Нет страха, что может случиться такая односторонняя история про режиссёра-эгоиста?
Если театр превращается в трибуну и начинает рассказывать, как надо, то это плохо. Я себя ловил несколько раз на мысли, что ты такой весь художник, и сейчас расскажешь, как надо. А вот это как раз-таки снимает с тебя кокарду, и ты понимаешь, что ты ровно такой же, как и те, кто придут смотреть спектакль. Мой любимый пример, когда я ставил спектакль про войну, и мне было дико стыдно, потому что я понимал, что придут ветераны. Что я им могу рассказать про войну? И поставил спектакль-вербатим, который называется «Ровесники». Мы взяли интервью в городе у детей, которым на тот момент было 16-17 лет и у ветеранов, которые ушли на войну в этом возрасте. Это было такое исследование. Самое главное было — найти не разницу, которая очевидна и не надо даже спектакль ставить, а мы пытались найти то, в чем они были похожи.
Любовь.
Безусловно, конечно. Как мне говорил мой мастер Олег Кудряшев: «Должно быть чувство стыда за то, что ты делаешь». И вот хорошо, что оно есть, периодически. И здесь, когда ты пытаешься говорить на сложные темы, ты стоишь с позиции «снизу», ну или «равно». Ни в коем случае не «сверху», иначе ты превращаешься в такую истину в последней инстанции, в вещателя.

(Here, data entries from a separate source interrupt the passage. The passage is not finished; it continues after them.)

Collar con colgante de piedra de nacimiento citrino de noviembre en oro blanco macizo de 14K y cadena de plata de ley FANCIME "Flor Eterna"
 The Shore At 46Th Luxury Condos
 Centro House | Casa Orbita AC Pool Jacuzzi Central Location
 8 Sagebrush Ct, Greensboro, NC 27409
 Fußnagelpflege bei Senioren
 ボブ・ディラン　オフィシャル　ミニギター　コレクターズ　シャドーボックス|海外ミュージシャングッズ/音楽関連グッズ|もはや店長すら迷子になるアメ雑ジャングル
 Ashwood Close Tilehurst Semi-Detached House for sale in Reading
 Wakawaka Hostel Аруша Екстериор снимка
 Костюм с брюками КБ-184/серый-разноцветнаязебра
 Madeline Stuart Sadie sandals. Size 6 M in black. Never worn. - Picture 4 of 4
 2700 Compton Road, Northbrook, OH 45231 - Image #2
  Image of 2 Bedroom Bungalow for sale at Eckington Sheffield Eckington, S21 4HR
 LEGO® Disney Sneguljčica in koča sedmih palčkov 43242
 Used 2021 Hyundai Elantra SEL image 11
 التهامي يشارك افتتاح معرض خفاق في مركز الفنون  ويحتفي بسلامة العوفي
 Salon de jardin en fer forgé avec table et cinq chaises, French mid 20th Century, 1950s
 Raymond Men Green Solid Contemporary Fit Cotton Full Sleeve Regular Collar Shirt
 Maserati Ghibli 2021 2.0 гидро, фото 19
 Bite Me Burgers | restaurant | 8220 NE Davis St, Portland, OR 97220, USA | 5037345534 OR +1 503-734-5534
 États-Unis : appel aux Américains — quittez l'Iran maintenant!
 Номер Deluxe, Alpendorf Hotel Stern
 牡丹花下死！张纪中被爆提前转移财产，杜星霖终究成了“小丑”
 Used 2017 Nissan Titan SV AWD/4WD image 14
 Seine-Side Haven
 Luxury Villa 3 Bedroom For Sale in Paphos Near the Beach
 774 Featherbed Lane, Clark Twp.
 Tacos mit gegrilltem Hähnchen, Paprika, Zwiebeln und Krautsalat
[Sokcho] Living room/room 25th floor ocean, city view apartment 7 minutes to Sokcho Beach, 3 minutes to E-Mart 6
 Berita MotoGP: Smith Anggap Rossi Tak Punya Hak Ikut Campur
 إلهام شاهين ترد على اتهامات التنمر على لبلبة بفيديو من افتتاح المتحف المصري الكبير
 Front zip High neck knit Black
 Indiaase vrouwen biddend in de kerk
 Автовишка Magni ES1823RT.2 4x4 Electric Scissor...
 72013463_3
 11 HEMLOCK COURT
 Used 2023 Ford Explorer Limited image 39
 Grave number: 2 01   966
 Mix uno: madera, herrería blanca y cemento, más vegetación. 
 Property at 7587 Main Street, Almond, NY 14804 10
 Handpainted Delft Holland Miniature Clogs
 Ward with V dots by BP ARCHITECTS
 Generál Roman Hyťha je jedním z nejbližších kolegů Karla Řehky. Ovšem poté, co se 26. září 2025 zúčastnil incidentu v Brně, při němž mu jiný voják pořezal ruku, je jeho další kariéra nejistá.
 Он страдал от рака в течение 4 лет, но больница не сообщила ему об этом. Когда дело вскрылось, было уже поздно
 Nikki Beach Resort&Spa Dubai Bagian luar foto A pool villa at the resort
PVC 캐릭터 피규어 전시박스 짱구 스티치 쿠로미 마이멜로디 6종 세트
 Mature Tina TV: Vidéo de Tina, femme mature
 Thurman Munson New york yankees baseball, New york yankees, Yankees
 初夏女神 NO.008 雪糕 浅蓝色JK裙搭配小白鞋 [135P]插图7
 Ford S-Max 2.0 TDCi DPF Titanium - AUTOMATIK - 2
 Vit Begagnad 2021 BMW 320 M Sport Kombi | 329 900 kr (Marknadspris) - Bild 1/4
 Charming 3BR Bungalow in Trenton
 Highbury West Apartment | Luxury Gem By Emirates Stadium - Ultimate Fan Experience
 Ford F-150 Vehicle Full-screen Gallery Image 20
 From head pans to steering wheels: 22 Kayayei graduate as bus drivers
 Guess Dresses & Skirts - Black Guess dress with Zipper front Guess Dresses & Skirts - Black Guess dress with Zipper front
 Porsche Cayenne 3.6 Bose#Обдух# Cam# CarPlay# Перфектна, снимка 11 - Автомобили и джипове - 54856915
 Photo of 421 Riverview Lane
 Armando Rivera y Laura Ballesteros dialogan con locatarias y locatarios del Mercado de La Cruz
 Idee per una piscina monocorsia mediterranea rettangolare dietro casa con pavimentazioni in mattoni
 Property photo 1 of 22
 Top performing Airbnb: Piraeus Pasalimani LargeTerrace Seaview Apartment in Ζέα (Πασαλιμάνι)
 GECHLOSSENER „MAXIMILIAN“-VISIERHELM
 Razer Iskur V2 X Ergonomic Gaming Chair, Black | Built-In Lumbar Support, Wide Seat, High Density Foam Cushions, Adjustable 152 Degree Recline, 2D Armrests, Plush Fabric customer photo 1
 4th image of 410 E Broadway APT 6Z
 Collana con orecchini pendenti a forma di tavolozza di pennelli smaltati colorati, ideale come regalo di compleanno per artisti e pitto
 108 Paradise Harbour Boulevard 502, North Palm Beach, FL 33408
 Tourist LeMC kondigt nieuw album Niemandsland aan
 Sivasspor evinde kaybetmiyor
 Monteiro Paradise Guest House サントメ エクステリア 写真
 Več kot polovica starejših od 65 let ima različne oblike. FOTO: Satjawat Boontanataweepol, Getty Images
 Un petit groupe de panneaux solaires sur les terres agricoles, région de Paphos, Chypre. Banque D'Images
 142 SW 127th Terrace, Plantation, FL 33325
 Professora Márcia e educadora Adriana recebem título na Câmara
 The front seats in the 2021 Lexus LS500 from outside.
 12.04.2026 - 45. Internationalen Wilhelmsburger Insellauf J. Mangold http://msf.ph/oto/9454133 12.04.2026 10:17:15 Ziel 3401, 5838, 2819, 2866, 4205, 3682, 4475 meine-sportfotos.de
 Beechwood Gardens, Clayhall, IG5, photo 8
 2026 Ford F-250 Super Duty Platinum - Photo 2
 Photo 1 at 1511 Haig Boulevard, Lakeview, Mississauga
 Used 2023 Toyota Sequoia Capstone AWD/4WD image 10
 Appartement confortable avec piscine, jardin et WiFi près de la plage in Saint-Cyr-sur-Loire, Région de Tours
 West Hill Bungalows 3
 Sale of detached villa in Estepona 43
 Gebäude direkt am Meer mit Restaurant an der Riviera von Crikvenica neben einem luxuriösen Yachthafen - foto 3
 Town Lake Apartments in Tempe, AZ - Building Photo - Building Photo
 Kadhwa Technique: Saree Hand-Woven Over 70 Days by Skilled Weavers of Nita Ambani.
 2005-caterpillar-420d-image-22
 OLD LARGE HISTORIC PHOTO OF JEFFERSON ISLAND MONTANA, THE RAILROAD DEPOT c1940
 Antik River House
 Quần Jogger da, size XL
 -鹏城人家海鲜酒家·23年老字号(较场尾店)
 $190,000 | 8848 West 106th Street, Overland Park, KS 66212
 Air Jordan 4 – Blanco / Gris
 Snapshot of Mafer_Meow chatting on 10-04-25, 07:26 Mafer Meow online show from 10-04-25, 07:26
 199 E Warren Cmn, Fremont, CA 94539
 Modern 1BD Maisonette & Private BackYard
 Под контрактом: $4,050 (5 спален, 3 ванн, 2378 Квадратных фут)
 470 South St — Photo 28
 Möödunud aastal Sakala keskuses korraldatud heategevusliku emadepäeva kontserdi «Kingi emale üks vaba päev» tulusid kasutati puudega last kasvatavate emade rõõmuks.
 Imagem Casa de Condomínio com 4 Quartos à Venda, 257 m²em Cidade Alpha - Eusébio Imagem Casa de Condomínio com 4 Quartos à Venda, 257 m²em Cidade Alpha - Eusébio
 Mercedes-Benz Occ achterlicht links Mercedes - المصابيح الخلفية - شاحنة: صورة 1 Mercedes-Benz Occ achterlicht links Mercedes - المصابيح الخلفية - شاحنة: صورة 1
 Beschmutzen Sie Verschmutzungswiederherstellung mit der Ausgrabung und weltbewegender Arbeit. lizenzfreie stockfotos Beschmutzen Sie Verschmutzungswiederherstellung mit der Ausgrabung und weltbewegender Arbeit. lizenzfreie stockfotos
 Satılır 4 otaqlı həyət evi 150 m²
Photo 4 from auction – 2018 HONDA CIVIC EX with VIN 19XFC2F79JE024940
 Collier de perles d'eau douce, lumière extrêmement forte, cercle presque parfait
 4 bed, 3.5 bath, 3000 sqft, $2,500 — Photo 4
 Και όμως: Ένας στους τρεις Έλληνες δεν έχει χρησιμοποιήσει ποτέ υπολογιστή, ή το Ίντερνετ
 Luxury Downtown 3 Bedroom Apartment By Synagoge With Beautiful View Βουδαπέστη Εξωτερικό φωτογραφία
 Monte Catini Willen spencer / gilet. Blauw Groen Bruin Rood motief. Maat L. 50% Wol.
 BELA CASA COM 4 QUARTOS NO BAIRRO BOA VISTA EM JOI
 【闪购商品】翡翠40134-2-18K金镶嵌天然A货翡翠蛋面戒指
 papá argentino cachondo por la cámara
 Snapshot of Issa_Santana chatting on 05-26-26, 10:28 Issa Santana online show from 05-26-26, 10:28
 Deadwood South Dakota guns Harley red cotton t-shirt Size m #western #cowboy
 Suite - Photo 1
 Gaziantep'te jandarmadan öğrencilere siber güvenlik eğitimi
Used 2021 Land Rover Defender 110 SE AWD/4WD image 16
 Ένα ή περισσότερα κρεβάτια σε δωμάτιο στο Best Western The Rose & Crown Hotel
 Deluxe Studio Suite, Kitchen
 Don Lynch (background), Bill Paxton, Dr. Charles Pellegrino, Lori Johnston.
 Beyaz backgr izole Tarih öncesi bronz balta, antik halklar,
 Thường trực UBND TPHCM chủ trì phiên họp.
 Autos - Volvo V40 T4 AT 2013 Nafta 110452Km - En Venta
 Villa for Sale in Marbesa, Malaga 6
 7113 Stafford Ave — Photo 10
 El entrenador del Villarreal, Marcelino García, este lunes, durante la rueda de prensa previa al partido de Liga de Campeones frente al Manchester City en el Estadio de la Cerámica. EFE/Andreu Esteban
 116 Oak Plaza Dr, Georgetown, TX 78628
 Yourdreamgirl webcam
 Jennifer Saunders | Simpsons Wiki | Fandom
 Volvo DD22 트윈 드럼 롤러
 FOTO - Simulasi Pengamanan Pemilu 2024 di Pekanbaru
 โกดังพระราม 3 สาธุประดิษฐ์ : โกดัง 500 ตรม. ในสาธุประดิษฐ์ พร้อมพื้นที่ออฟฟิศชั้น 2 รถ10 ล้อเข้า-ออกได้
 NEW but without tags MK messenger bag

Пьеса «Горка» — это «Любимовка-2018». В Ачинске вы ставили ещё две пьесы этого фестиваля. В Красноярском ТЮЗе идет «Как я стал…» Ярославы Пулинович. Ради каких текстов вас отпускает современная драматургия?
Я люблю работать с разными текстами. Сейчас мне научная фантастика нравится, причём Лем! И мне кажется круто, если сейчас это переосмыслить в театре, когда мы намучились со спецэффектами, и нас ими не удивишь. Лем — абсолютно мощнейший чувак, который владел как языком, так и психологией масс, и очень круто их исследовал. И вот спектакль, который мы сейчас делаем — «Летел и таял» — один из составляющих модулей спектакля — это «Солярис» Лема. Я очень люблю классику. Мне кажется это такой стереотип, что молодые режиссёры ставят только пьесы современников. В Театре наций мы с Полиной [Бородиной] делали спектакль про отречение царя Николая от престола. Это была такая лабораторная история. Мы брали книжку Солженицына «Красное колесо», в оригинале там более десятка томов, абсолютно сериальная история. Я приезжаю на лабораторию, а текста как такового ещё не было. Я приехал знакомиться с актёрами, там такой круглый стол, пришли актёры, я прихожу и говорю: «Ребята, смотрите. У нас будет пьеса. Она будет крутая, но её ещё нет, будет много музыки, но её ещё тоже нет». Это очень важно, когда ты делаешь эксперимент быть честным. Потому что эксперимент надо делать не там, где ты уверен, а там, где ты абсолютно не уверен. Для меня как раз эксперимент, когда в самые ответственные моменты ты не готов не потому, что ты разгильдяй, а потому, что тебе важно почувствовать импульс, который будет исходить.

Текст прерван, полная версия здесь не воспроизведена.